> [WHAT YOU HAVE TO DO]:
Print all of the data exactly, but drop the pictures.

--- COLLECTED MATERIAL ---

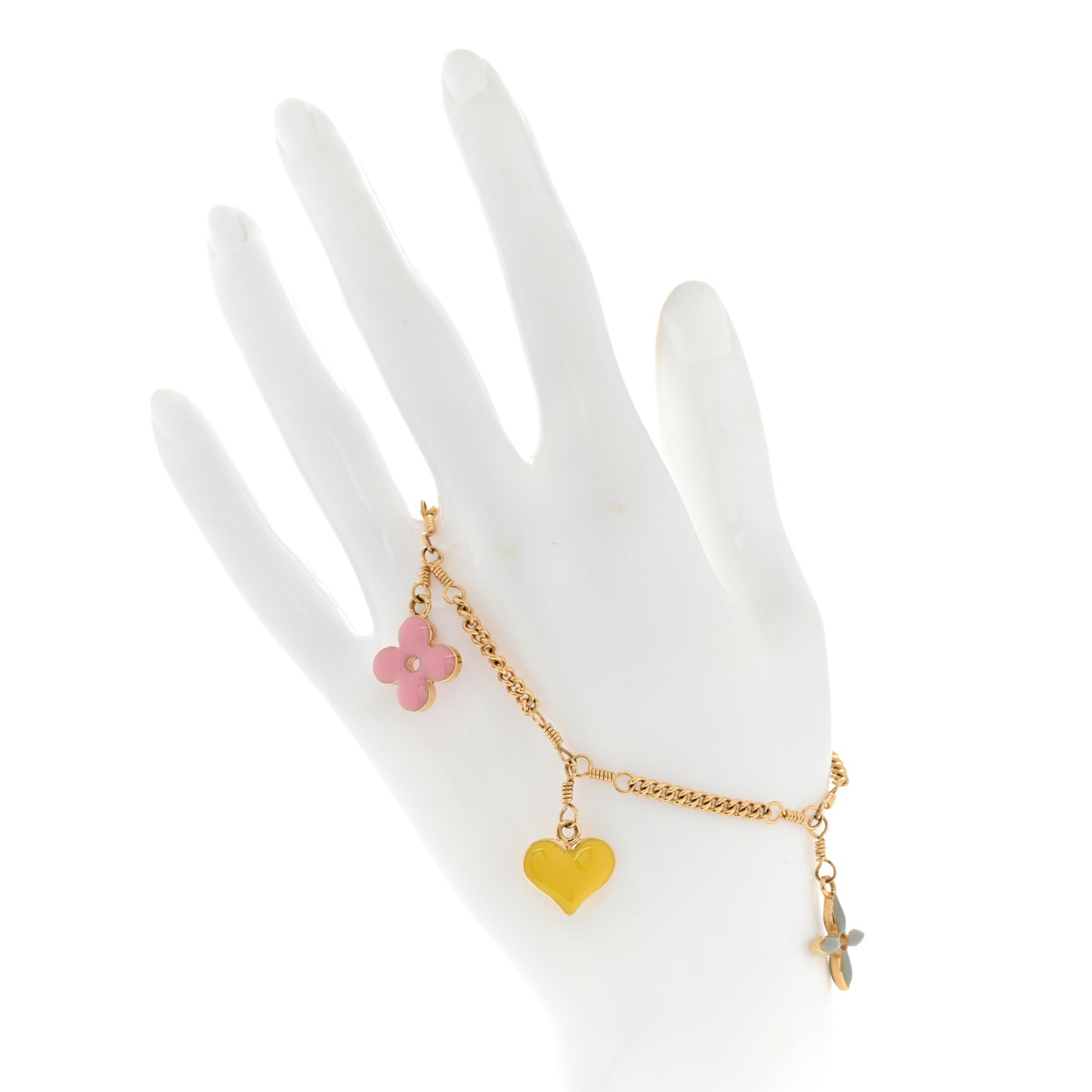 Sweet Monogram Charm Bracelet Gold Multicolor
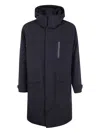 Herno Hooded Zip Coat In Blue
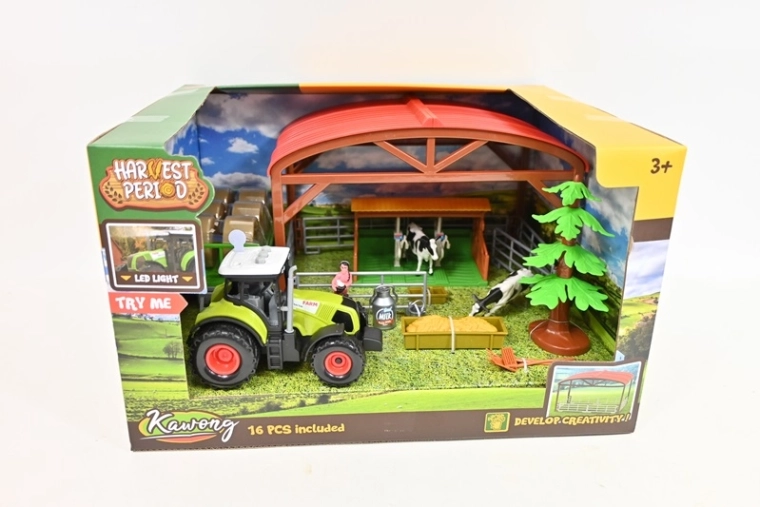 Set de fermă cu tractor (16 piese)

---

> [SOLVED EXERCISE]:
 Sweet Monogram Charm Bracelet Gold Multicolor
 Herno Hooded Zip Coat In Blue
 Set de fermă cu tractor (16 piese)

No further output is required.